Raw data:

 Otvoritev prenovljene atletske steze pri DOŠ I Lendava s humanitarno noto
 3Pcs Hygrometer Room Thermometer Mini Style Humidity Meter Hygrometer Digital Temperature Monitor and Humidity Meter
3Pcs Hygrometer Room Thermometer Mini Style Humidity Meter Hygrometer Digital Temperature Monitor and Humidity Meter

Task to complete:
Return every line of the listing, word for word.

Completed task:
 Otvoritev prenovljene atletske steze pri DOŠ I Lendava s humanitarno noto
 3Pcs Hygrometer Room Thermometer Mini Style Humidity Meter Hygrometer Digital Temperature Monitor and Humidity Meter
3Pcs Hygrometer Room Thermometer Mini Style Humidity Meter Hygrometer Digital Temperature Monitor and Humidity Meter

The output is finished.